───── DATA FOR REVIEW

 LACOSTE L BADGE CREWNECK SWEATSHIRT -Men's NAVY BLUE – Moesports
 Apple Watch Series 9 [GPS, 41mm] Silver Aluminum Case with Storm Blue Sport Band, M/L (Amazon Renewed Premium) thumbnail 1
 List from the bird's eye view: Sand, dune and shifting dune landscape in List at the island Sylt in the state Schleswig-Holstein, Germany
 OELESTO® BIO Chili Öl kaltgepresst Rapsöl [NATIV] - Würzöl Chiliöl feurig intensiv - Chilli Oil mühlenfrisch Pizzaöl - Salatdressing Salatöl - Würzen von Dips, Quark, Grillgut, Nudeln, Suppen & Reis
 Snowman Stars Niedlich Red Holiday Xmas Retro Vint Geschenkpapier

──────────
───── DATA FOR REVIEW

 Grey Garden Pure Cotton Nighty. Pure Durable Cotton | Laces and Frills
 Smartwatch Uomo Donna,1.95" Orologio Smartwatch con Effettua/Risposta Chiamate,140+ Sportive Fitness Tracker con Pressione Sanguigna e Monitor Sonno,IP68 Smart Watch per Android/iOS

──────────

THE PROBLEM: Restate word for word the entries above from the line with "LACOSTE L BADGE" through the line with "List from the", inclusive, leaving out everything else.

ANSWER TO THE PROBLEM:
 LACOSTE L BADGE CREWNECK SWEATSHIRT -Men's NAVY BLUE – Moesports
 Apple Watch Series 9 [GPS, 41mm] Silver Aluminum Case with Storm Blue Sport Band, M/L (Amazon Renewed Premium) thumbnail 1
 List from the bird's eye view: Sand, dune and shifting dune landscape in List at the island Sylt in the state Schleswig-Holstein, Germany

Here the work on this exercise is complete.